Xia Qingyi menatap senyum mewah Li Jing.
Li Jing menatapnya dengan mata cerah, "Kamu adalah adik perempuan Pengacara Mo. Kamu seharusnya tahu lebih banyak tentang Pengacara Mo daripada kami, kan?"
Xia Qingyi menggelengkan kepalanya, “Sebenarnya aku tidak tahu banyak tentang dia. Saya baru saja kembali dari luar negeri. Kami… jarang bertemu di masa lalu".
"Tapi... kau adiknya?"
“Saya diadopsi... Saya diadopsi di Amerika ketika saya masih remaja. Saat itu, dia berada di negara ini. Jadi, kami tidak pernah punya kesempatan untuk bertemu".
__ADS_1
Xia Qingyi merasa bahwa dia sudah terbiasa berbohong sekarang sehingga dia sama sekali tidak malu ketika dia harus berbohong.
"Jika begitu ..." Li Jing menghela nafas.
Xia Qingyi melanjutkan dengan santai, “Pengacara Mo tidak berbeda di rumah dan di tempat kerja. Jika dia tidak tidur, dia bekerja di ruang kerja. Dia agak membosankan. Kami bahkan tidak memasak ketika kami lapar. Kami cenderung makan di luar sebagai gantinya".
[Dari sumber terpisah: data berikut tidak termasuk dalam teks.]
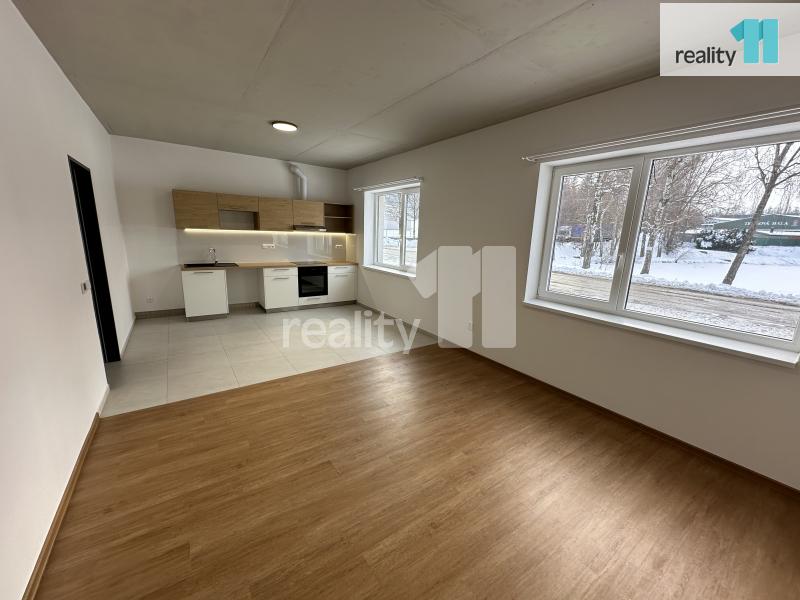 Pronájem bytu 2+kk 53 m2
Li Jing sangat senang mendengar semua ini.
Dia bertanya dengan senyum cerah dan malu-malu, "Lalu ... apakah dia sangat tampan ketika dia mengenakan pakaian kasual di rumah?"
Xia Qingyi tertawa. “Tidak ada banyak perbedaan… Dia terlihat seperti biasanya dengan pakaiannya".
"Bagaimana mungkin?"
“Kenapa tidak… Bagaimana kalau… Aku akan memotret dan menunjukkannya padamu suatu hari nanti".
Bagi Li Jing, Xia Qingyi jauh lebih ramah daripada Pengacara Mo. Semakin banyak dia berbicara dengan Xia Qingyi, semakin nyaman perasaannya.
Dia sangat santai dan tidak canggung, terlepas dari latar belakangnya. Dia selalu tersenyum. Bahkan ketika dia berbicara tentang kakak laki-lakinya di belakang punggungnya, dia tersenyum.
Xia Qingyi duduk di kursi di sebelah Li Jing. Dia duduk di sisi Li Jing saat dia bekerja.
Meskipun tidak ada banyak perbedaan dibandingkan berada di kantor dengan Mo Han, keuntungan tinggal di sini adalah bahwa Li Jing akan mengobrol dengannya sesekali sehingga dia tidak bosan sendiri.
__ADS_1
Beberapa rekan Mo Han di firma hukum akan menyambutnya atau bahkan mengobrol dengannya ketika mereka lewat.
Bagaimanapun, itu lebih baik daripada menghadapi kakak laki-lakinya yang gila kerja d tidak pernah berbicara.